> **Exercise requirements**
Please reproduce the entries below exactly as they stand, but leave the pictures out.

══ Exercise data ══

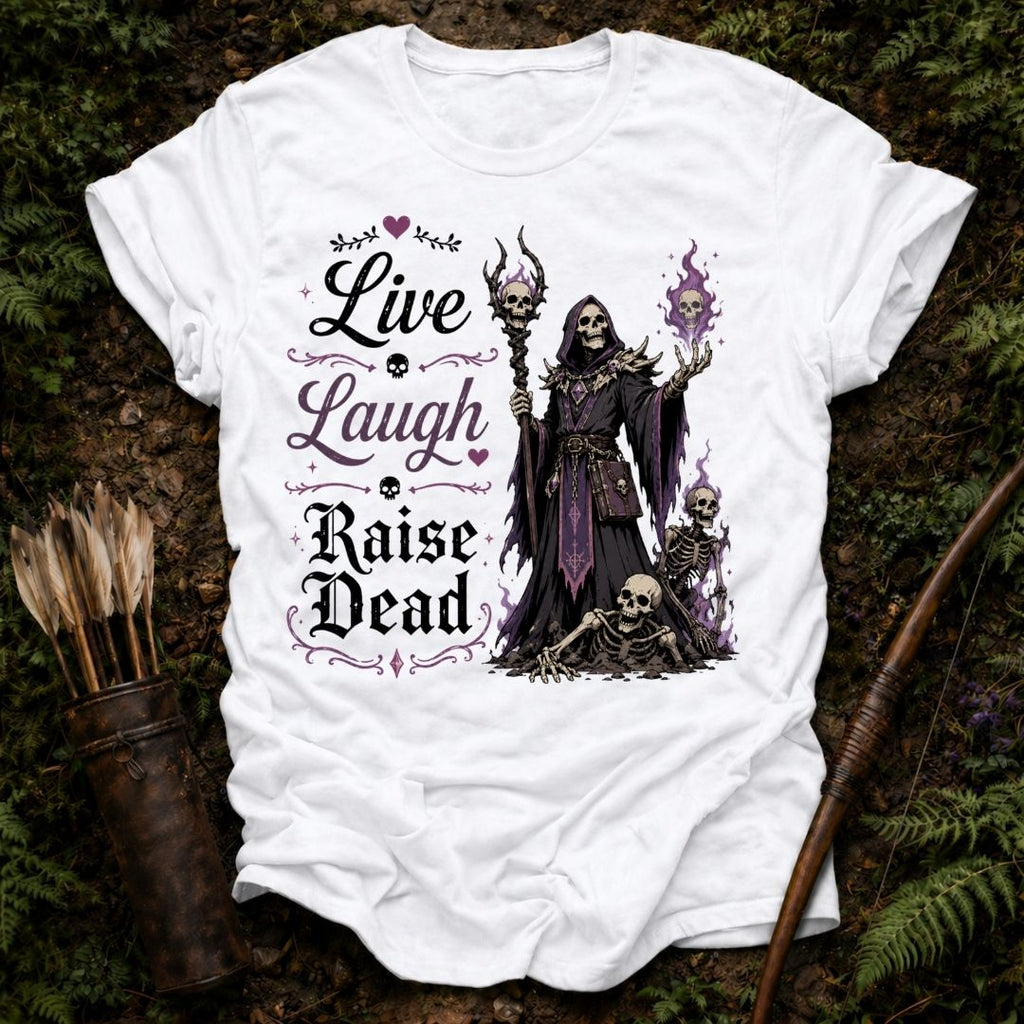 Live Laugh Raise Dead T-Shirt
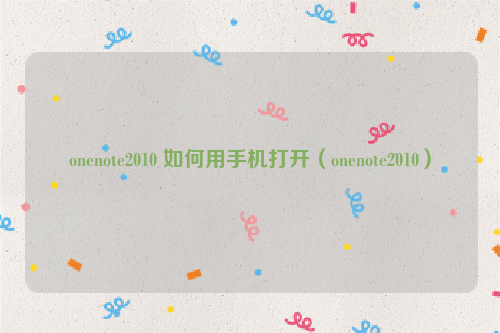 onenote2010 如何用手机打开（onenote2010）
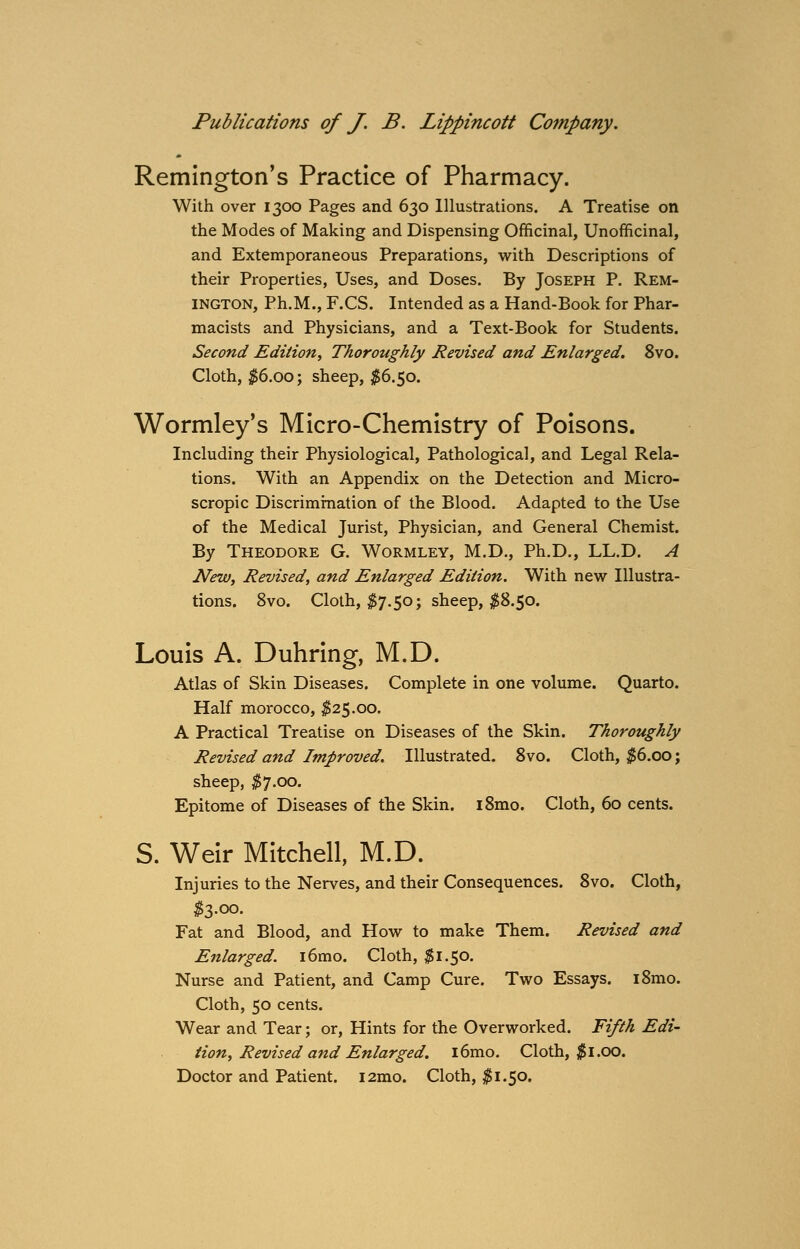 Remington's Practice of Pharmacy. With over 1300 Pages and 630 Illustrations. A Treatise on the Modes of Making and Dispensing Officinal, Unofficinal, and Extemporaneous Preparations, with Descriptions of their Properties, Uses, and Doses. By Joseph P. Rem- ington, Ph.M., F.CS. Intended as a Hand-Book for Phar- macists and Physicians, and a Text-Book for Students. Second Edition, Thoroughly Revised and Enlarged. 8vo. Cloth, $6.00; sheep, #6.50. Wormley's Micro-Chemistry of Poisons. Including their Physiological, Pathological, and Legal Rela- tions. With an Appendix on the Detection and Micro- scropic Discrimination of the Blood. Adapted to the Use of the Medical Jurist, Physician, and General Chemist. By Theodore G. Wormley, M.D., Ph.D., LL.D. A New, Revised, and Enlarged Edition. With new Illustra- tions. 8vo. Cloth, $7.50; sheep, #8.50. Louis A. Duhring, M.D. Atlas of Skin Diseases. Complete in one volume. Quarto. Half morocco, $25.00. A Practical Treatise on Diseases of the Skin. Thoroughly Revised and Improved. Illustrated. 8vo. Cloth, $6.00; sheep, $7.00. Epitome of Diseases of the Skin. l8mo. Cloth, 60 cents. S. Weir Mitchell, M.D. Injuries to the Nerves, and their Consequences. 8vo. Cloth, $3.00. Fat and Blood, and How to make Them. Revised and Enlarged. i6mo. Cloth, $1.50. Nurse and Patient, and Camp Cure. Two Essays. i8mo. Cloth, 50 cents. Wear and Tear; or, Hints for the Overworked. Fifth Edi- tion, Revised and Enlarged. l6mo. Cloth, $1.00. Doctor and Patient. i2mo. Cloth, $1.50.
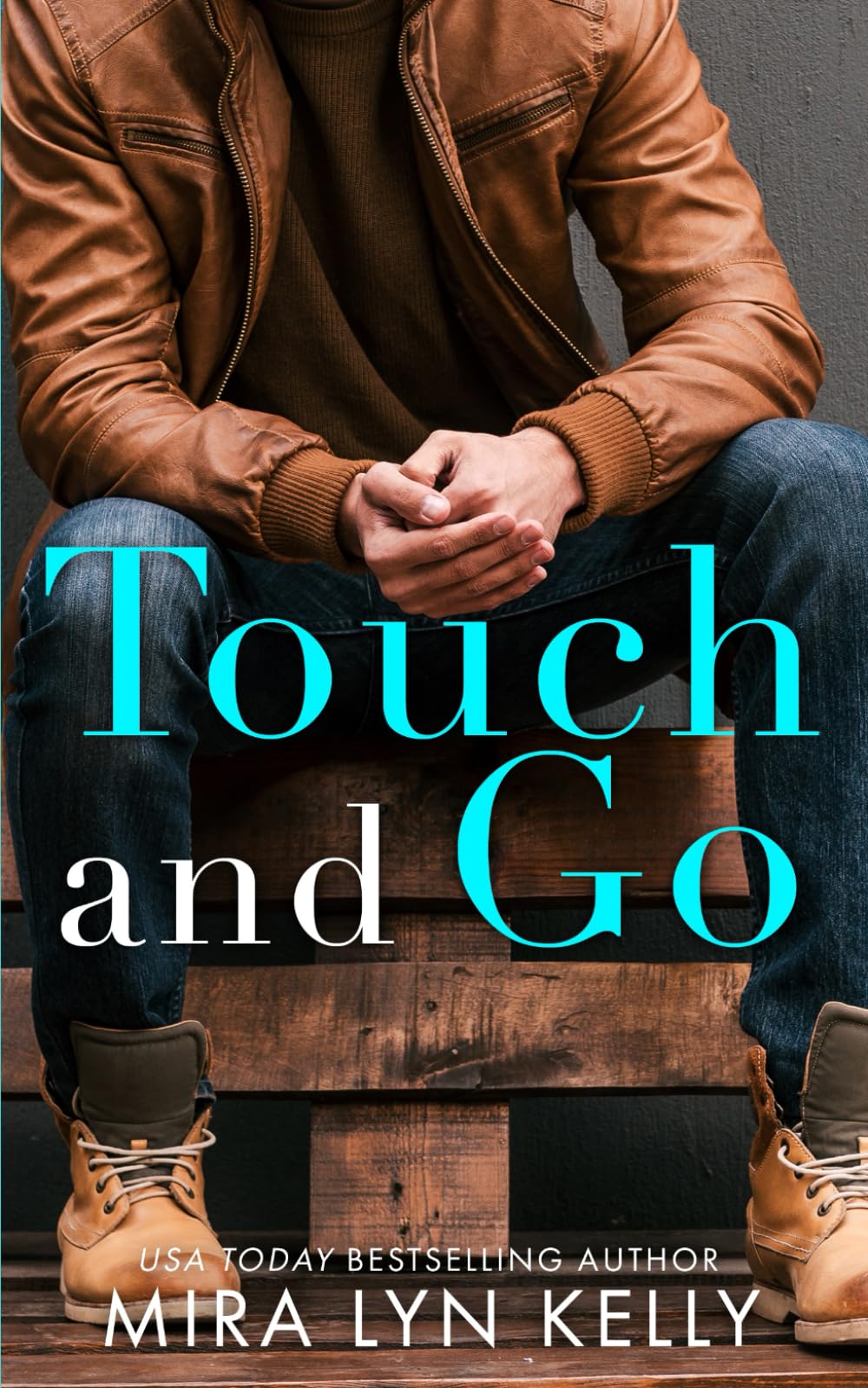 Touch and Go (Dare to Love)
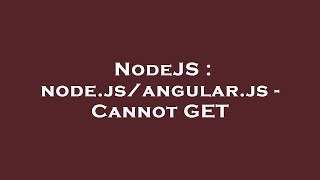 NodeJS : node.js/angular.js - Cannot GET
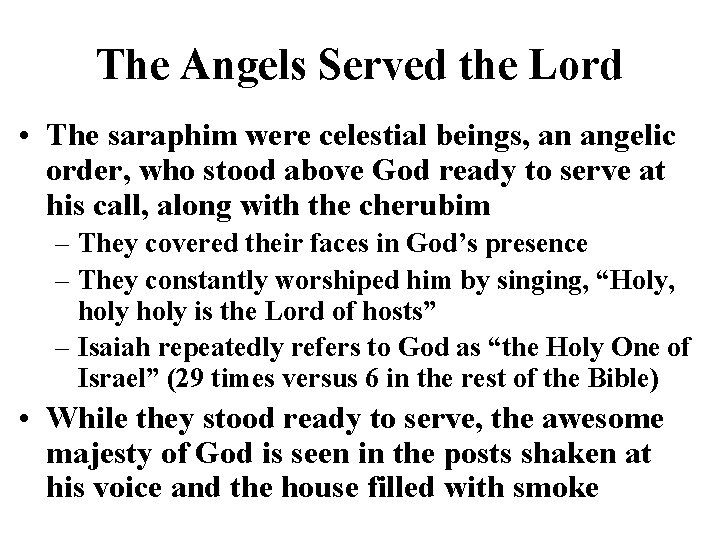 The Angels Served the Lord • The saraphim were celestial beings, an angelic order,
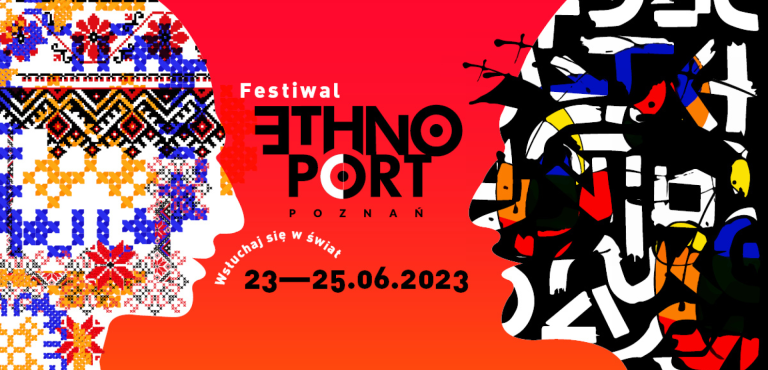 Ethno Port Poznań 2023. Międzynarodowy Festiwal Muzyki Etnicznej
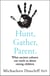 Hunt, Gather, Parent - What Ancient Cultures Can Teach Us about Raising Children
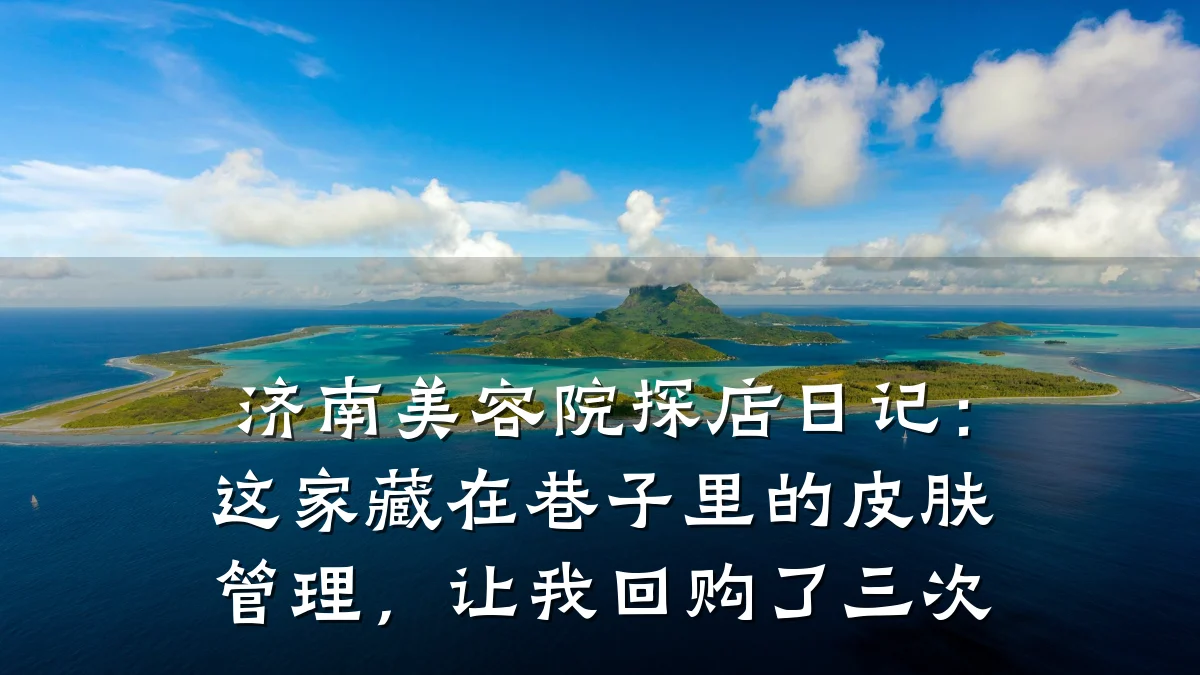 济南美容院探店日记:这家藏在巷子里的皮肤管理,让我回购了三次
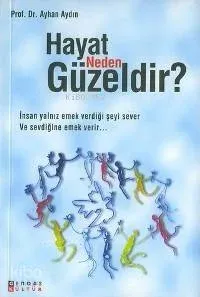 Hayat Neden Güzeldir'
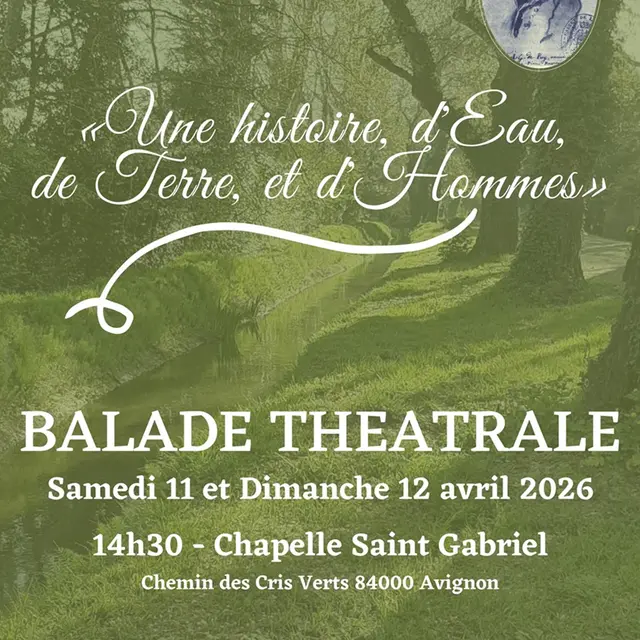Balade théâtrale en ceinture verte - Une histoire d'eau, de terre et d'hommes_Avignon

═══

> **Task output**
 Live Laugh Raise Dead T-Shirt
 onenote2010 如何用手机打开（onenote2010）
 Remington's Practice of Pharmacy. With over 1300 Pages and 630 Illustrations. A Treatise on the Modes of Making and Dispensing Officinal, Unofficinal, and Extemporaneous Preparations, with Descriptions of their Properties, Uses, and Doses. By Joseph P. Rem- ington, Ph.M., F.CS. Intended as a Hand-Book for Phar- macists and Physicians, and a Text-Book for Students. Second Edition, Thoroughly Revised and Enlarged. 8vo. Cloth, $6.00; sheep, #6.50. Wormley's Micro-Chemistry of Poisons. Including their Physiological, Pathological, and Legal Rela- tions. With an Appendix on the Detection and Micro- scropic Discrimination of the Blood. Adapted to the Use of the Medical Jurist, Physician, and General Chemist. By Theodore G. Wormley, M.D., Ph.D., LL.D. A New, Revised, and Enlarged Edition. With new Illustra- tions. 8vo. Cloth, $7.50; sheep, #8.50. Louis A. Duhring, M.D. Atlas of Skin Diseases. Complete in one volume. Quarto. Half morocco, $25.00. A Practical Treatise on Diseases of the Skin. Thoroughly Revised and Improved. Illustrated. 8vo. Cloth, $6.00; sheep, $7.00. Epitome of Diseases of the Skin. l8mo. Cloth, 60 cents. S. Weir Mitchell, M.D. Injuries to the Nerves, and their Consequences. 8vo. Cloth, $3.00. Fat and Blood, and How to make Them. Revised and Enlarged. i6mo. Cloth, $1.50. Nurse and Patient, and Camp Cure. Two Essays. i8mo. Cloth, 50 cents. Wear and Tear; or, Hints for the Overworked. Fifth Edi- tion, Revised and Enlarged. l6mo. Cloth, $1.00. Doctor and Patient. i2mo. Cloth, $1.50.
 Touch and Go (Dare to Love)
 NodeJS : node.js/angular.js - Cannot GET
 The Angels Served the Lord • The saraphim were celestial beings, an angelic order,
 Ethno Port Poznań 2023. Międzynarodowy Festiwal Muzyki Etnicznej
 Hunt, Gather, Parent - What Ancient Cultures Can Teach Us about Raising Children
 济南美容院探店日记:这家藏在巷子里的皮肤管理,让我回购了三次
 Hayat Neden Güzeldir'
Balade théâtrale en ceinture verte - Une histoire d'eau, de terre et d'hommes_Avignon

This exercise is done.